Notizie internazionali fa il punto su “lavoro e diritti” nella «cornice mediterranea», come scrive Alessandra Mecozzi, responsabile Ufficio internazionale della Fiom, attraverso un dossier dedicato ai paesi che vanno da “Rabat a Lubiana”. Un lavoro ponderoso che occupa più di metà delle sue ottantacinque pagine nella forma di un dossier a cura di Bernardino Andriani. «Alleanze subalterne tra governi corrotti e autoritari con il governo degli Stati Uniti – scrive la Mecozzi nell’editoriale di presentazione – sono sottoposte alle pressioni e alle sfide di chi reclama riforme e democrazia: in un’area dove i conflitti armati sono e sono stati negli anni recenti così diffusi, e dove invece il conflitto sociale è il più delle volte represso, i regimi autoritari devono confrontarsi con nuove spinte per la democrazia, nuovi soggetti sociali e politici emergono: è pensabile l’apertura di un dialogo politico con essi?». «E’ difficile – continua Mecozzi – ma oggi ha nuova vitalità, la lotta per i diritti, in paesi con regimi repressivi, come è il caso del Maghreb o in Egitto – dove è appena nato il movimento “Kefaya-basta!” -; ancora più complessa nei paesi attraversati da anni da occupazioni e violenza armata, come quella in Israele – nella cui società pure si fanno avanti tentativi di nuove organizzazioni sociali, Assaf Adib, Wac – , in Palestina – nascono a Gaza i comitati indipendenti dei lavoratori, accanto al sindacato storico Pgftu in una situazione socialmente ed economicamente catastrofica come documenta ampiamente il rapporto delle Nazioni unite sui diritti umani – e il Kurdistan turco, in cui ancora una volta viene lanciata una dichiarazione di “cessate il fuoco” unilaterale e la richiesta di una soluzione pacifica e democratica.

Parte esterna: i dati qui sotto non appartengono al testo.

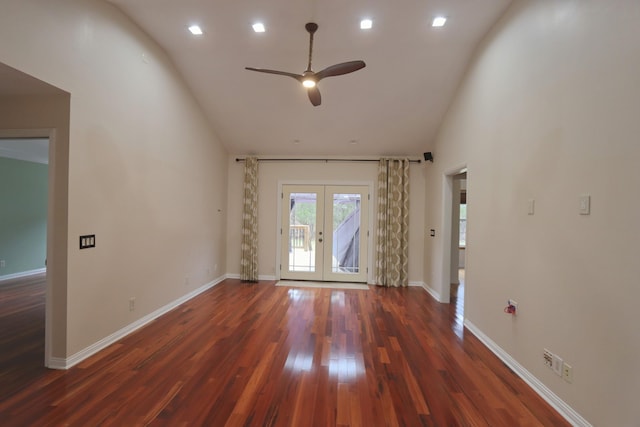 unfurnished room with ceiling fan, french doors, high vaulted ceiling, and dark wood-type flooring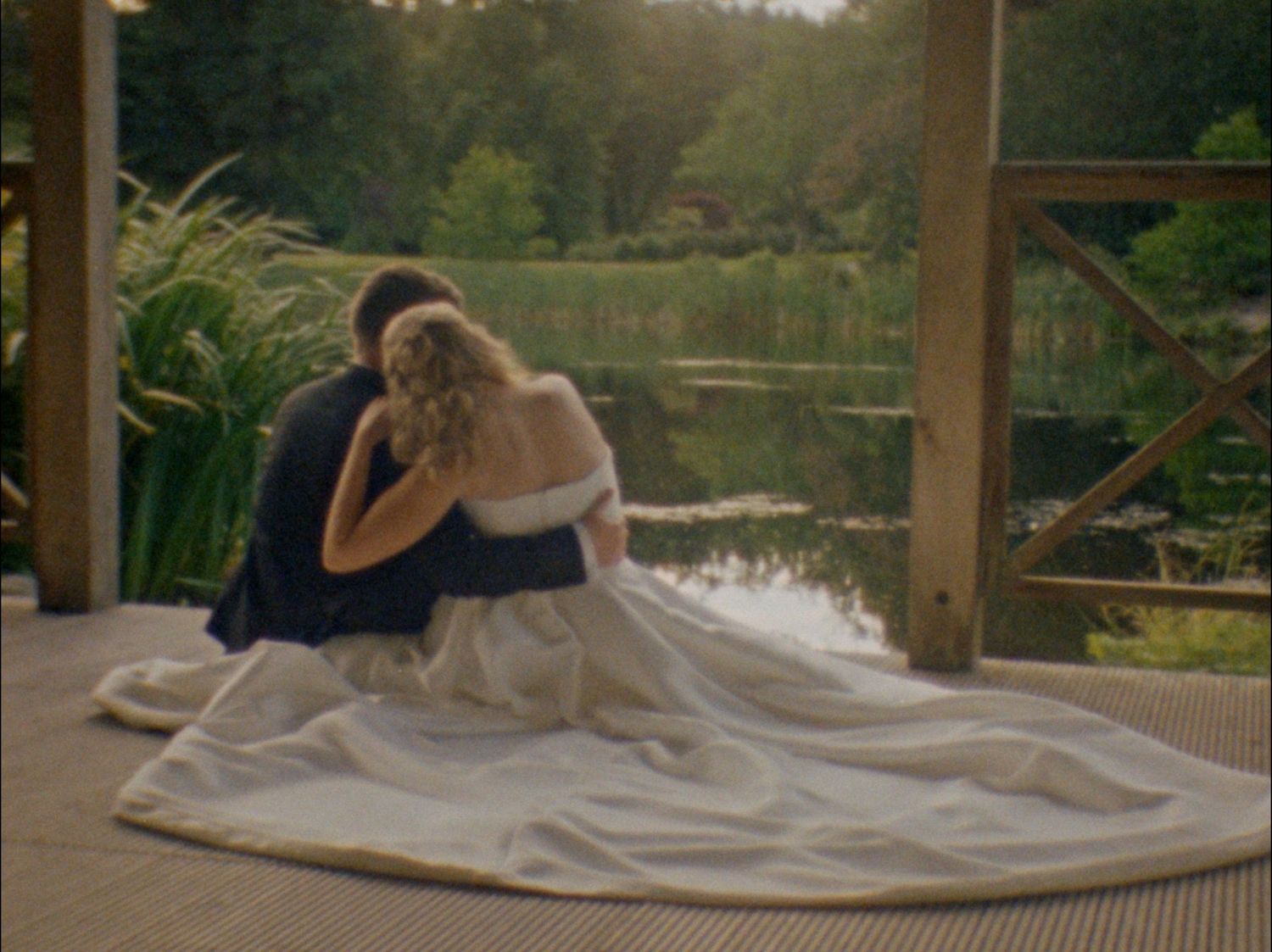 A series of romantic wedding photos captured by a lake with flowing white dress details.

Anche in Turchia, che pure è entrata nel percorso negoziale per accedere all’Unione europea, non certo un esempio in tema di rispetto dei diritti umani, emerge la questione delle violazioni dei diritti del lavoro e sindacali». Il dossier è una preziosissima fonte di informazione e di documentazione. L’attività sindacale è quasi generalmente accettata in linea di principio in tutti i paesi analizzati ma di fatto ostacolata sia attraverso una legislazione piena di cavilli burocratici ed estenuanti percorsi autorizzativi, oppure approfittando della classica situazione del sindacato unico di regime, sia attraverso ostacoli concreti e forti dosi di repressione.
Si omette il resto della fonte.